Tim Hortons Inc. jumped 11 percent after Burger King Worldwide Inc. agreed to acquire the company in a C$12.5 billion ($11.4 billion) cash-and-share deal. Premier Inc. rose 2.1 percent after predicting full-year profit that exceeded analysts’ estimates. Best Buy Co. dropped 4.8 percent after posting a sales decline that was steeper than analysts had projected.
Futures on the S&P 500 expiring in September rose 0.2 percent to 1,997.8 at 8:17 a.m. in New York. Dow Jones Industrial Average contracts added 26 points, or 0.2 percent, to 17,082 today.
“I am still bullish on the U.S. market, but I do expect the S&P 500 to consolidate and slip back to 1,950-80 range as it’s due for a rest once it climbs to 2,000,” said Manish Singh, who helps manage $2 billion at Crossbridge Capital in London. “Any dip will be a shallow one. The central-bank and data narrative is still supportive of risk.”
The S&P 500 yesterday gained 0.5 percent to an all-time high as corporate dealmaking and prospects for economic stimulus in Europe bolstered confidence in the bull market. The gauge briefly climbed above 2,000 for the first time.

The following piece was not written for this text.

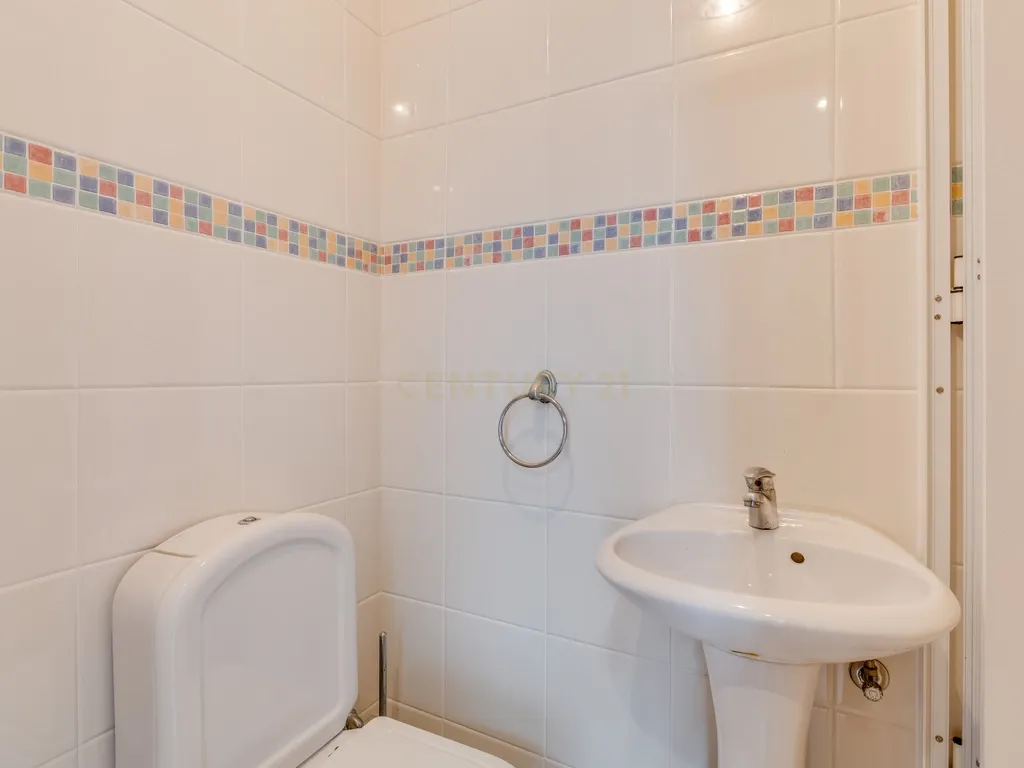 Apartamento T 4 em Faro no centro da cidade a 300m do mercado Municipal. - Image 19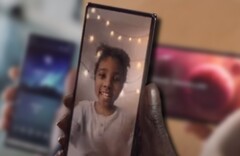 Le Xperia 1 IV (Mark 4) pourrait être équipé d'une caméra sous l'écran à l'avant pour permettre de réduire les bords. (Image source : Sony - édité)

The U.S. equity benchmark has advanced for the past three weeks and more than $1 trillion has been added to the value of American equities since a two-month low on Aug. 7 amid speculation central banks will continue to keep interest rates near zero even as the economy strengthens.

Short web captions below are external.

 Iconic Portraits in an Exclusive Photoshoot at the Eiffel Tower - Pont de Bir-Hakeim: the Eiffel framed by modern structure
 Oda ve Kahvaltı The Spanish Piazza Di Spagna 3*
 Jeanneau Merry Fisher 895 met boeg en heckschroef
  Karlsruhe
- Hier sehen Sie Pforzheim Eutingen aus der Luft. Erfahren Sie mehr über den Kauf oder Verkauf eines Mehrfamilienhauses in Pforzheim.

A report at 8:30 a.m. in Washington may show new orders for durable goods in the world’s biggest economy jumped 8 percent in July, following a 1.7 percent increase in June, according to the median estimate of economists surveyed by Bloomberg.
Data at 10 a.m. local time may show the Conference Board’s consumer confidence index fell to 89 this month from 90.9 in July, economists forecast. A third report may show an index of manufacturing in the region covered by the Federal Reserve Bank of Richmond fell to 6 in August from 7 in July.
Tim Hortons added 11 percent to $82.98, after rallying 19 percent yesterday. Burger King gained 3.1 percent to $33.42. The hamburger chain yesterday surged 20 percent after saying it is in talks with Tim Hortons. Burger King will move its headquarters to Canada, enabling the second-largest U.S. burger chain relocate to a lower-tax country.
Premier rose 2.1 percent to $31 after forecasting full-year adjusted earnings of $1.39 to $1.44 a share, exceeding the average analyst estimate of $1.38. The purchasing network owned by health-care providers also agreed to buy software company Aperek Inc. for $48.5 million.
Best Buy lost 4.8 percent to $30.44 after the world’s largest electronics chain said second-quarter comparable sales fell 2.7 percent. That was steeper than the 2.2 percent drop forecast by analysts on average. Same-store sales will decline by a “low single digit” rate in the third and fourth quarter, the company said.